HUD fair market rents jumped faster than median incomes in 84% of U.S. counties from FY 2022 to FY 2026. Montana, New Jersey, and Florida saw the biggest shifts.

Datasets Used
Fair Market Rents by County, FY 2026
U.S. Department of Housing and Urban Development. Fair Market Rents, Fiscal Year 2026.
Section 8 Income Limits by County, FY 2025
U.S. Department of Housing and Urban Development. Section 8 Income Limits, Fiscal Year 2025.
Fair Market Rents by County, FY 2022
U.S. Department of Housing and Urban Development. Fair Market Rents, Fiscal Year 2022.
Section 8 Income Limits by County, FY 2022
U.S. Department of Housing and Urban Development. Section 8 Income Limits, Fiscal Year 2022.
Everyone can feel that rents have risen. The harder question is where rents have outpaced incomes — where the gap between what people earn and what they pay has actually widened. The answer is: almost everywhere, but not evenly.

By pairing HUD Fair Market Rents with median family income estimates for FY 2022 and FY 2026, this analysis tracks how the rent-to-income ratio shifted across every U.S. county in four years.

### Key findings

- The national median 2BR fair market rent rose **33%** from FY 2022 to FY 2026, but incomes didn't keep pace — **84%** of counties saw their rent-to-income ratio get worse.
- **Montana** had the sharpest state-level shift, with median county rent burden rising **5.2 percentage points** as rents jumped **62%**.
- Only a handful of states saw rent burden hold steady or improve — mostly in the Great Plains and Deep South, where income growth managed to offset rising rents.
## In 84% of counties, rent outpaced income

The simplest way to see this: plot each county's FY 2022 rent share against its FY 2026 rent share. Points above the diagonal line got worse. The vast majority did.
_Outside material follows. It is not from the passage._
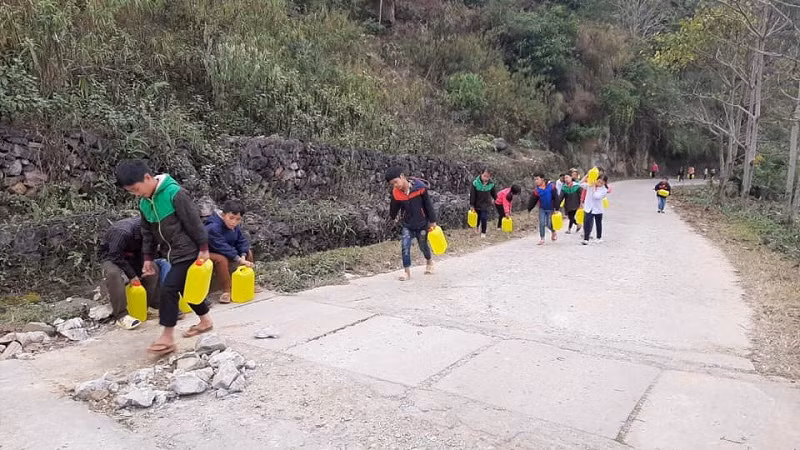 HS Trường PTDTBT TH Tả Gia Khâu trên đường lấy nước sinh hoạt. Ảnh: NTCC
## Montana, New Jersey, and Florida saw the biggest state-level shifts

At the state level, Montana stands out. Median county rents jumped over 60% in four years — far outpacing income growth. New Jersey, Massachusetts, New Hampshire, and Florida round out the top five.

The pattern is not random. States with rapid in-migration (Florida, Montana, New Hampshire) or limited new housing supply (New Jersey, Massachusetts) are the ones where rents have most outstripped incomes.

## The map shows a near-universal shift — but the intensity varies

Coloring every county by how much its rent share changed makes the breadth of the shift visible. Almost the entire map is some shade of red. The few blue pockets are in the Great Plains and parts of the Deep South.

## Some counties improved — but mostly because incomes boomed, not because rents fell

The roughly 700 counties where rent burden actually decreased are worth understanding. In most cases, rents still rose — but incomes rose faster, often in energy-producing or agricultural regions where wages surged.

## The rent squeeze is broad, but not uniform — and that matters for policy

The data makes two things clear. First, the rent-income squeeze is not limited to a few expensive metros. It hit 84% of counties. Second, the intensity varies enormously by state and region, driven by local dynamics in housing supply, migration, and wage growth.

That means national-level rent statistics understate how bad things have gotten in the hardest-hit places (Montana, Florida, New Jersey) while overstating the problem in regions where income growth has managed to absorb the shock. Effective housing policy needs to account for that variation rather than treating the whole country as one market.